(Brief descriptive captions)
--

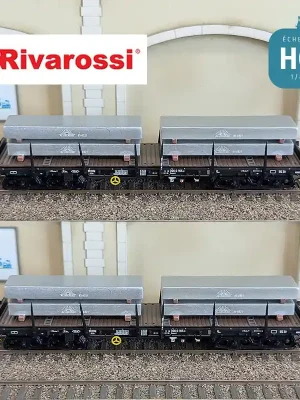 Premium-Qualität - Coffret de 2 wagons plats type Rmms avec chargement de blocs d‘aluminium noire DB Ep IV HO Rivarossi HR6701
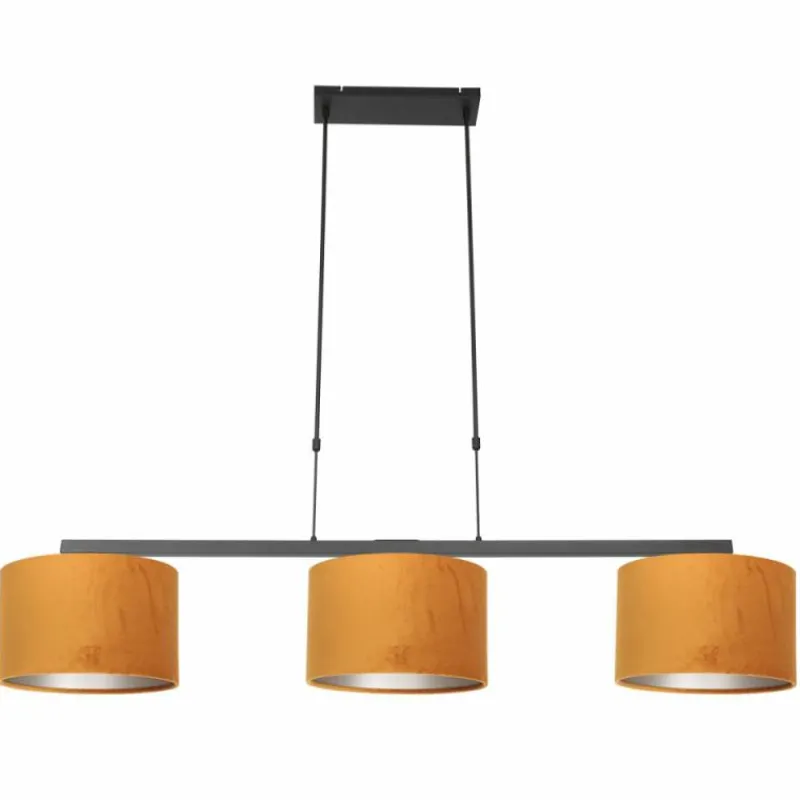 Lampes En Tissu-Luminaires Steinhauer Suspension Steinhauer Stang Noir, 3 lumières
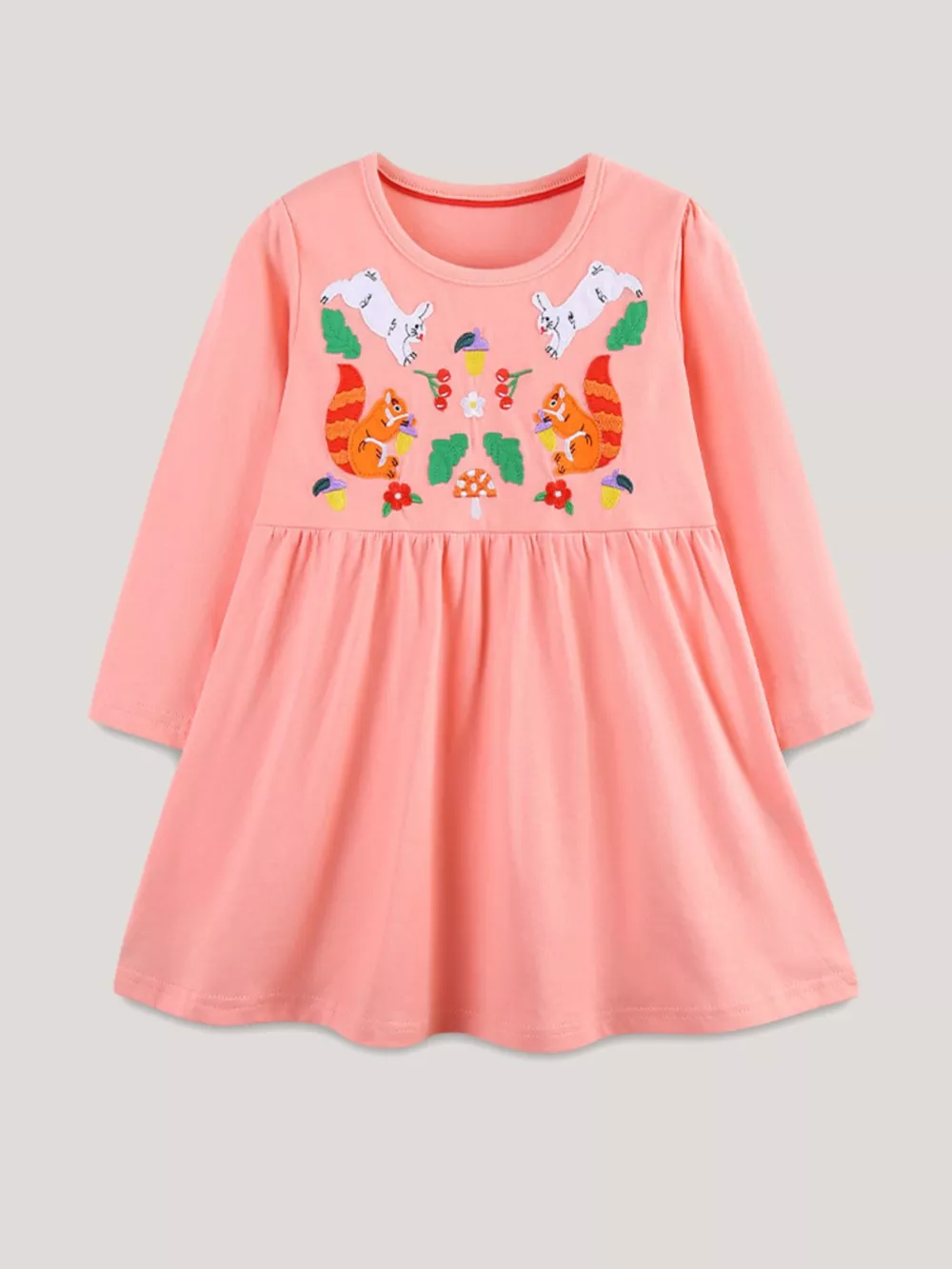 Children's Animal Embroidered Long Sleeve Dress, image 2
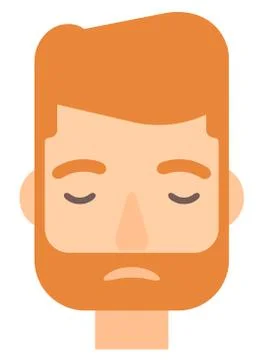 Grieving man with eyes closed Stock Illustration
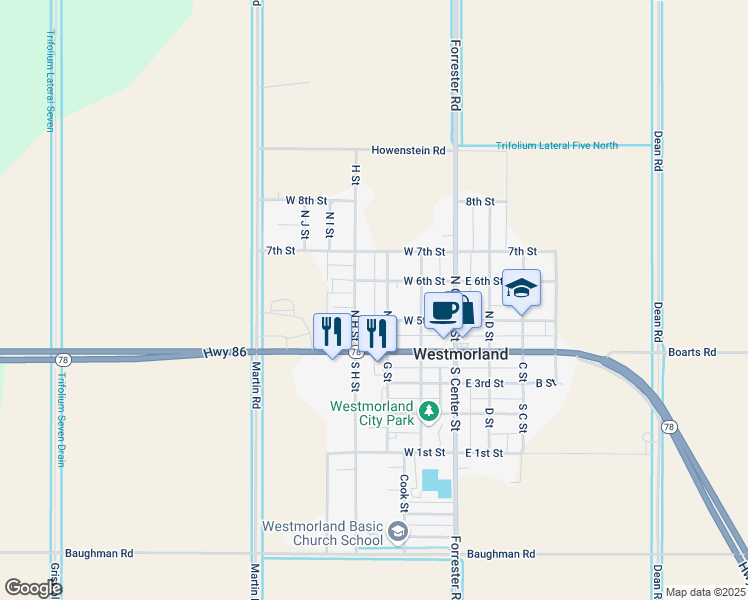 map of restaurants, bars, coffee shops, grocery stores, and more near 201 North G Street in Imperial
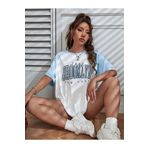 Machetta Büyük Beden Beyaz Renkli Kol Brooklyn Baskılı Oversize Unisex T-shirt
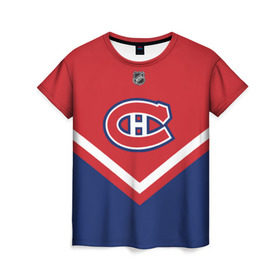 Женская футболка 3D с принтом Montreal Canadiens в Тюмени, 100% полиэфир ( синтетическое хлопкоподобное полотно) | прямой крой, круглый вырез горловины, длина до линии бедер | Тематика изображения на принте: america | canada | hockey | nhl | usa | америка | канада | канадиенс | лед | монреаль | нхл | сша | хоккей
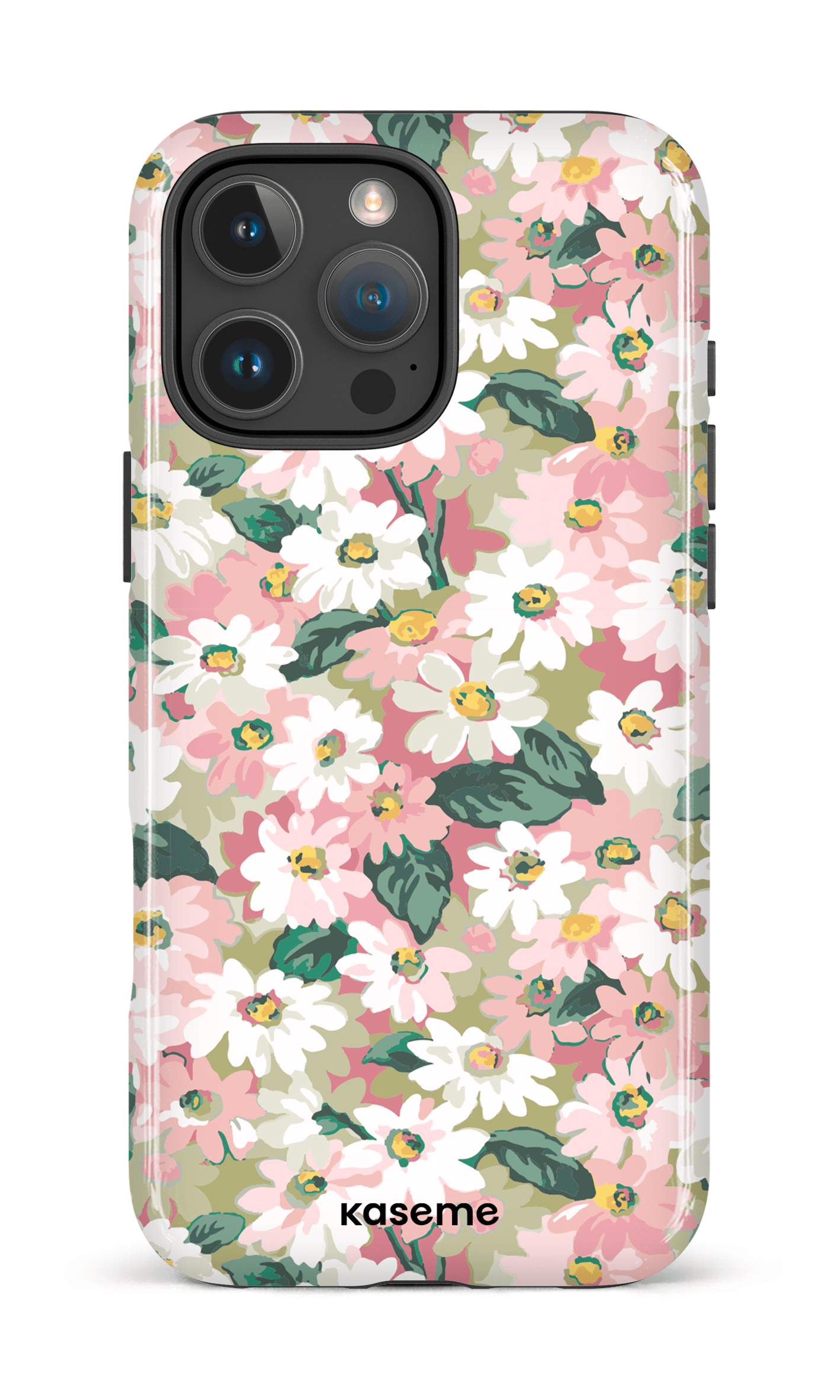 iPhone 16 Pro Max Impact Case Mosaic of blooms green -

--

Exercise brief: Include the first line of the records, the line containing "Machetta Büyük Beden", and every line between them, repeated exactly. Skip the pictures.

Answer to this exercise:
 Premium-Qualität - Coffret de 2 wagons plats type Rmms avec chargement de blocs d‘aluminium noire DB Ep IV HO Rivarossi HR6701
 Lampes En Tissu-Luminaires Steinhauer Suspension Steinhauer Stang Noir, 3 lumières
 Children's Animal Embroidered Long Sleeve Dress, image 2
 Grieving man with eyes closed Stock Illustration
 map of restaurants, bars, coffee shops, grocery stores, and more near 201 North G Street in Imperial
 Machetta Büyük Beden Beyaz Renkli Kol Brooklyn Baskılı Oversize Unisex T-shirt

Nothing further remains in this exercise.